Walau sudah menikah, hidup Irene masih sama seperti sebelumnya. Hal yang membedakan hanya ia tak lagi tidur sendirian, dia sudah tinggal bersama suami dan dua anaknya, selebihnya sama saja. Ah ya, satu lagi yang berbeda. Sekarang ia lebih sering memasak. Jika sebelumnya di rumah orang tuanya, ia hanya bisa makan dan jika di rumah Jisoo pun ia hanya memerintah atau memesan dari luar sekarang ia lebih sering menyiapkan makan bersama suami atau anak-anaknya. Bukan karena tuntutan suaminya tapi karena lebih baik ia yang memasak dibanding harus makan masakan suaminya, yang mana anak kembarnya pun lebih memilih makan nasi dan kimchi saja.


Irene merebahkan diri di tempat tidur Somi, sementara putri sambungnya itu sibuk melipat baju. Terhitung sudah enam belas hari Irene berstatus sebagai seorang istri sekaligus seorang ibu. Irene menatap deretan pakaian di lemari Somi, manik matanya menangkap dress putih milik Bona. Ia menopang dagunya dan menatap Somi.

"Aku dengar kau membeli dress putih itu dari Bona"


"Itu dress yang kau pakai ke pesta temanmu itu kan?" Lanjut Irene.


"Hm, aku suka dress itu" balas Somi masih sibuk memasukan pakaian ke dalam lemari.


"Sepertinya memang begitu, kau bahkan memakainya ke pernikahan Jinwoo samchon" ucap Irene.


Shit, gadis yang baru saja menginjak usia dua puluh tahun itu diingatkan kembali dengan fakta jika cinta pertamanya memang sudah berakhir. Somi memang sengaja memakai dress itu walau sebelumnya ia sempat berdebat dengan ayahnya karena pakaiannya terkesan tidak sopan dan terlalu terang untuk acara pernikahan; sebenarnya ia ingin menunjukan jika perasaannya belum berakhir. She did fall hard for him.
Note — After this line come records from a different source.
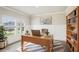 Office space with desk, bookshelf, and natural light, decorated with plants and a modern aesthetic at 241 Martin Spring, Lawrenceville, GA 30045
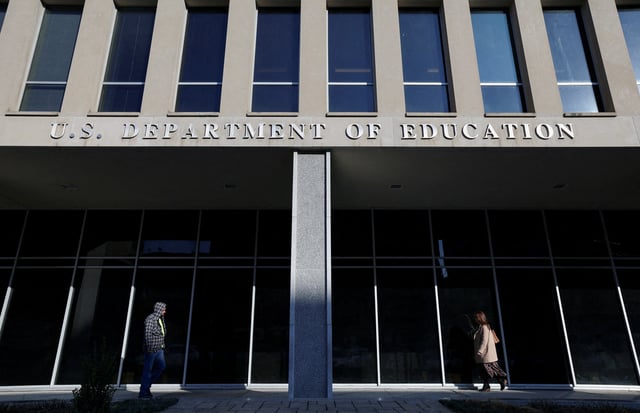 People walk in front of the Department of Education building in Washington, U.S., February 4, 2025. REUTERS/Kevin Lamarque/File Photo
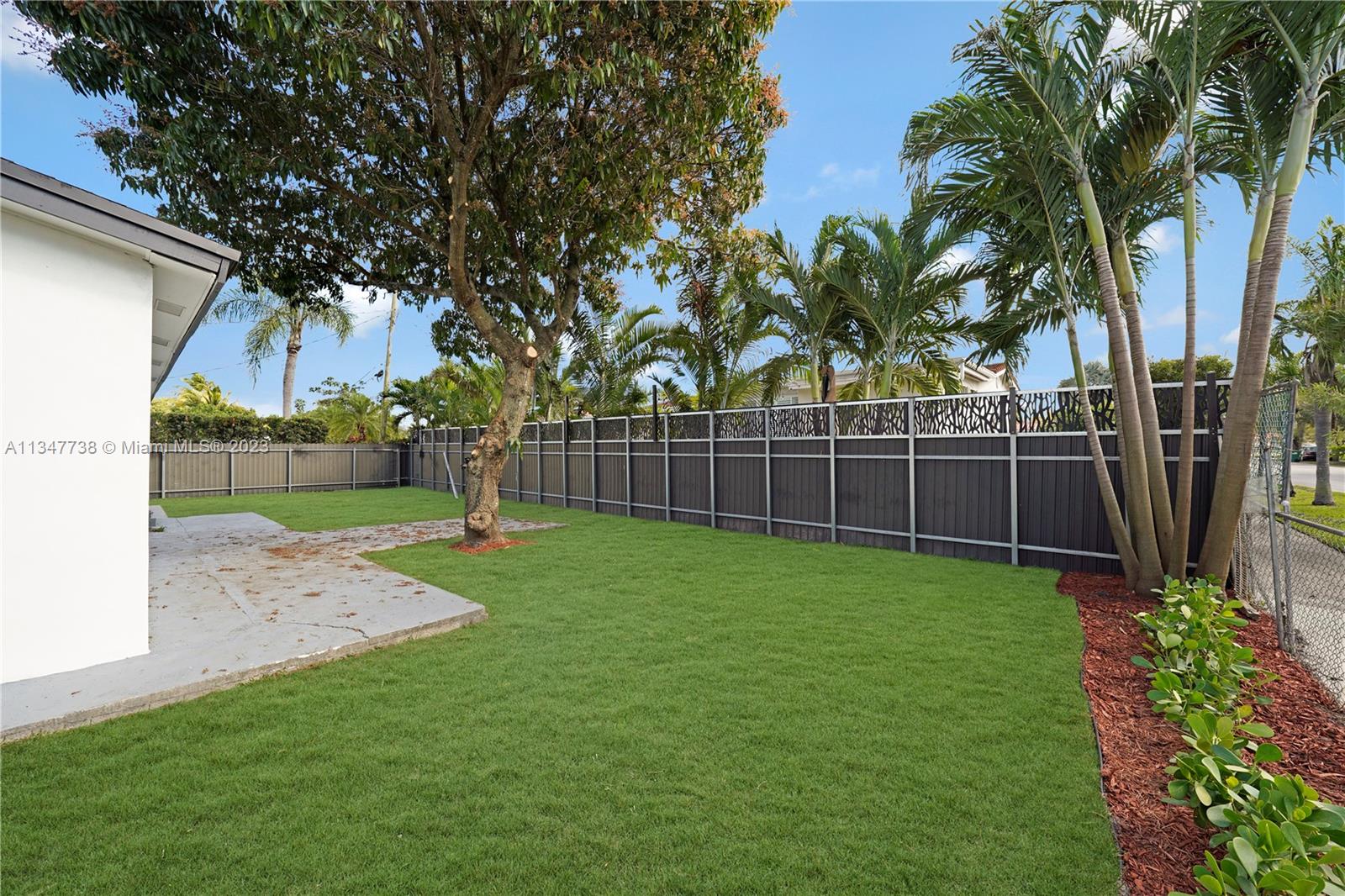 7950 Southwest 22nd Street Miami, FL 33155 - Photo 34 of 36 a view of a backyard with a tree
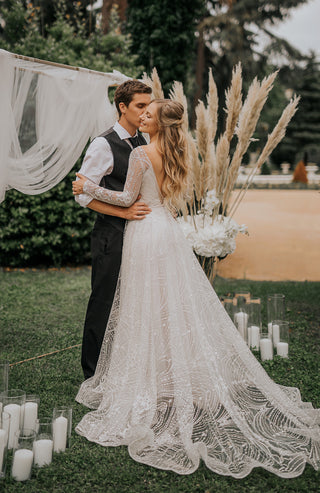 woman holding bouquet in wedding dress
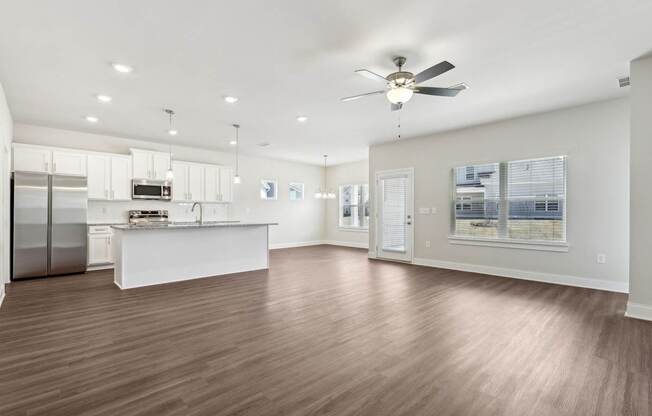 A spacious kitchen with a refrigerator, sink, and a ceiling fan.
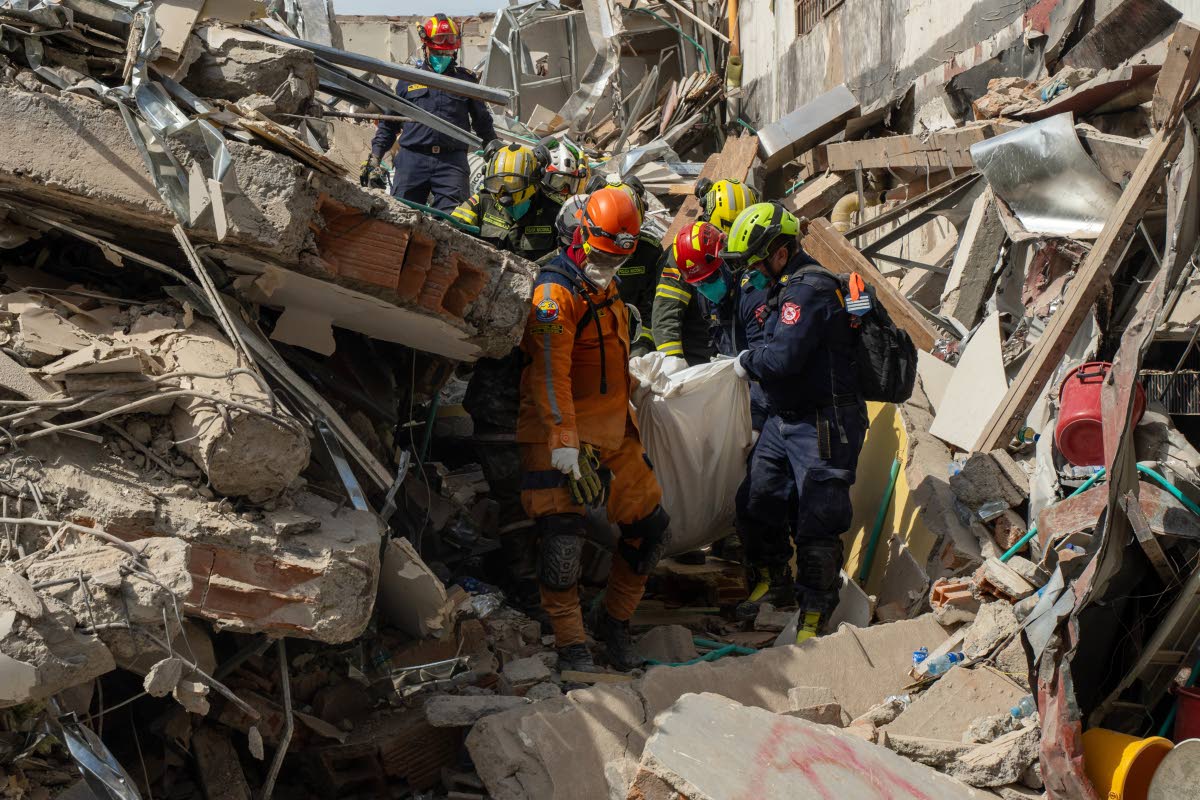 Rescuers carry the body of a victim from the rubble four days after an earthquake hit Pereira, Colombia.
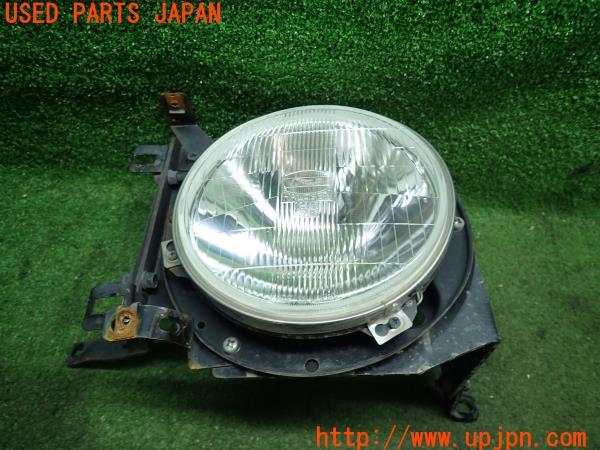3UPJ=10650050]ランクル80系(FZJ80G)後期 左ヘッドライト ランプ ガラス レンズ 中古_m1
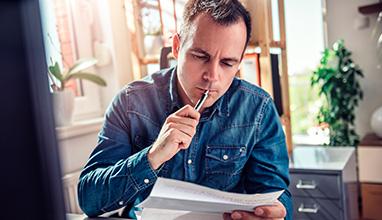 Man carefully revising a resume at his desk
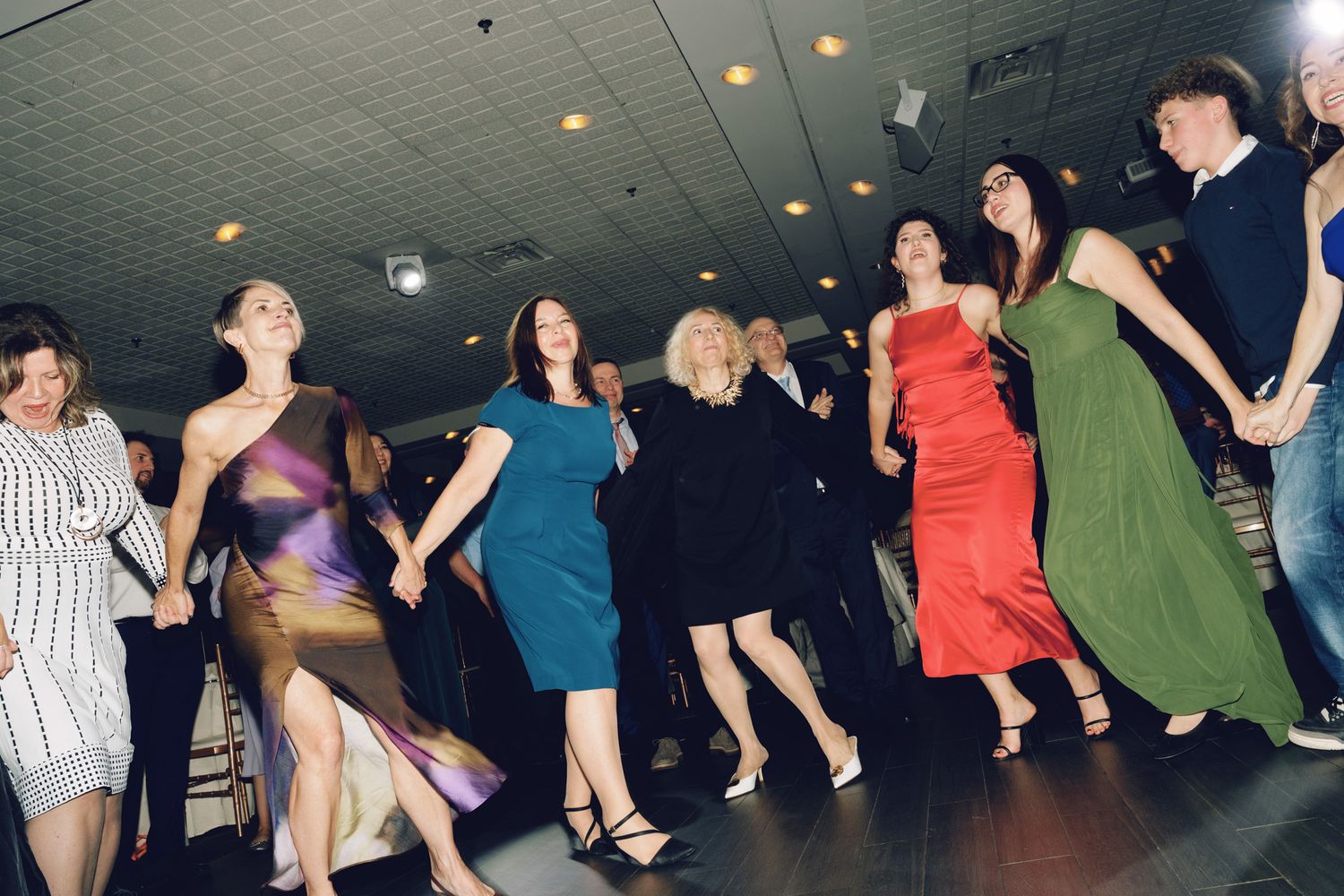 Elegantly dressed women dancing together during a wedding reception at The Manor Event Venue in King, Ontario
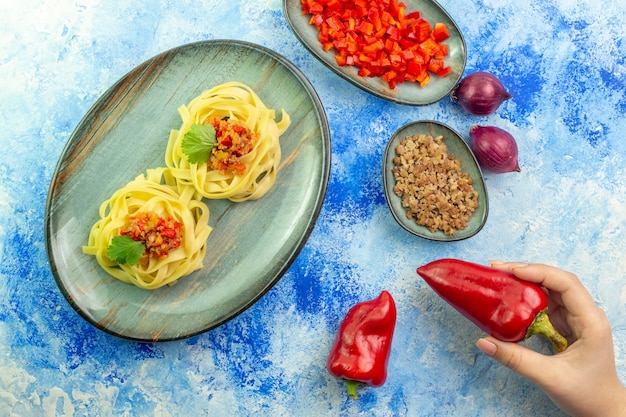 Top view of a blue plate with tasty pasta and necessary vegetables meat on blue table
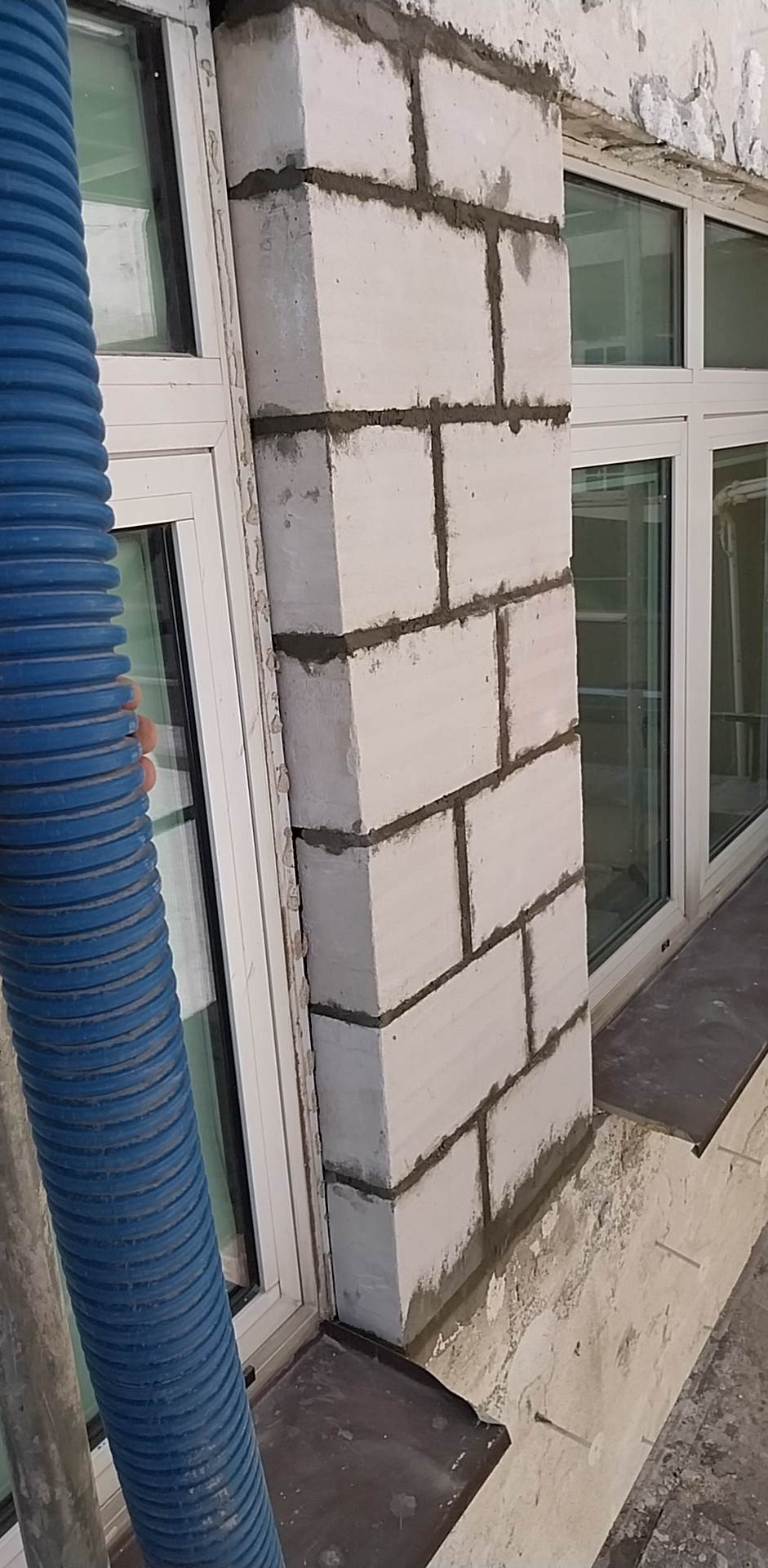 Wznoszenie muru z bloczków betonowych wokół okna, widoczny niebieski wąż wentylacyjny i fragment okna z szybami.
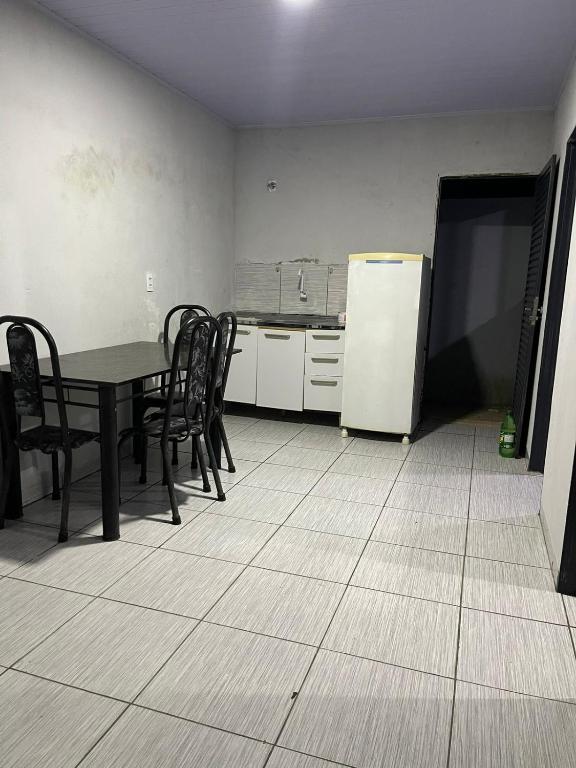 Η κουζίνα ή μικρή κουζίνα στο Casa no buritis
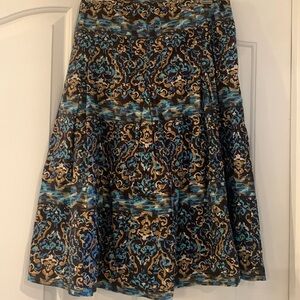 Style&Co size 10 line skirt. Side zipper brown skirt with shades of blue/browns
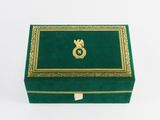 an image of a green box with gold trimming and a gold letter s on it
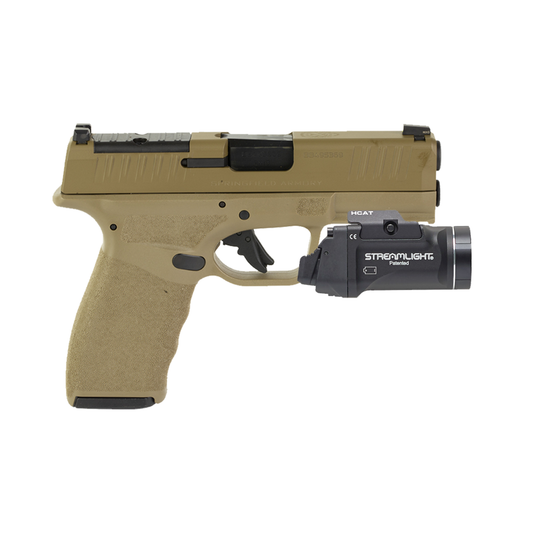 Tan handgun with Streamlight flashlight attachment on a white background
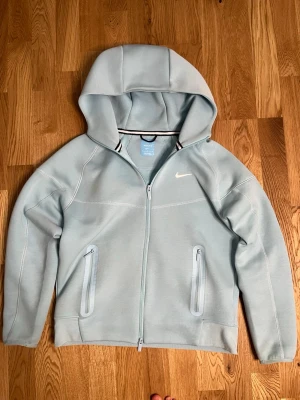 Ljusblå hoodie från Nike NOCTA - Snygg ljusblå hoodie från Nike NOCTA med dragkedja framtill och två fickor med dragkedja. Hoodien har en vit Nike-logga på bröstet och en skön, sportig känsla. Perfekt för dig som gillar streetwear och vill ha något stilrent och bekvämt.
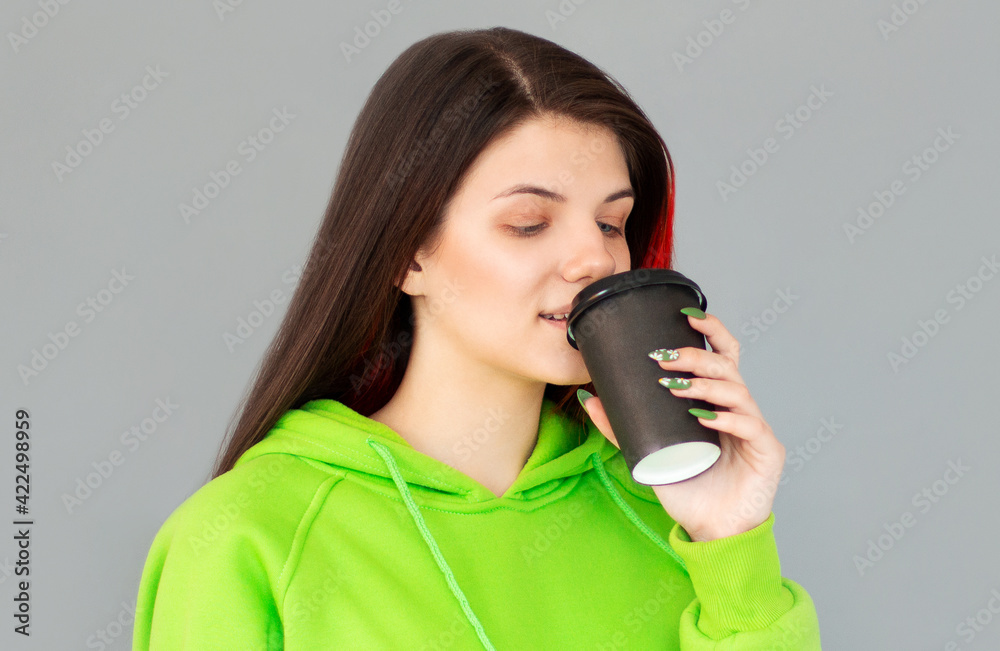 Fototapeta premium Studio shot of girl with holds paper cup of hot coffee, wears green jumper, grey background. Beautiful young woman enjoys aromatic cappuccino.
"Aku sengaja memakai warna putih karena aku masih belum terima jika dia menikah" balas Somi asal.


"Sesekali pergilah main keluar, kau hebat dalam hal "flirting". Tapi kenapa susah sekali untuk move on? Why?"


"No one like him"


"Iya, tapi dia sudah menikah. Bahkan istrinya sudah melahirkan"


Somi berbalik menatap Irene.


"Ibu tahu dari mana?"


"Ayahmu yang mengatakannya"


Sebenarnya Somi tidak begitu terkejut, wajar saja istrinya Jinwoo melahirkan. Jinwoo dan istrinya dewasa dan sehat. Tapi, di sisi lain Somi masih setengah tidak percaya, itu artinya dia memang harus segera melenyapkan perasaan yang tidak seharusnya ia miliki.


"Kau pernah berkencan dengan seseorang?"


"Ani"


"Jatuh cinta selain dengan Jinwoo samchon?"


"Tidak pernah"


"Itu artinya kau perlu banyak-banyak bertemu pria, amati; jangan asal jatuh cinta. Usia mu baru dua puluh tahun. Hidupmu masih panjang jangan disia-siakan"


"Masih ingat dengan nasehat ayahmu kan?" Ucap Irene.


"Untuk tidak hidup seperti ayah yang dulu" balas Somi.


"Kau mau ke klub malam akhir pekan ini?" Tanya Irene.


"Kita pergi berdua?"


"Kau pikir ayahmu akan mengizinkan? Mustahil" balas Irene


"Ajak Hyunsuk"


"Lebih mustahil lagi Hyunsuk pergi ke klub malam. Dia pasti dia lebih memilih live streaming game"


"Bagus, itu menghasilkan uang"


"Ajak Bona" ucap Irene.


"Benar juga"

=================

Sesuai rencana, Somi pergi ke klub malam bersama Bona dan Jisoo. Irene baru pulang dari mengantar ibunya ke rumah saudara mereka, dan suaminya masih sibuk di studionya bahkan sampai hampir jam sepuluh malam dia belum keluar dari sana. Irene bosan, ia masuk ke kamar Hyunsuk yang memang sudah terbuka, karena Somi tidak menutupnya setelah merampok jaket kulit milik saudara kembarnya itu.

"Mau pesan makanan?" Tanya Irene berjalan ke arah Hyunsuk.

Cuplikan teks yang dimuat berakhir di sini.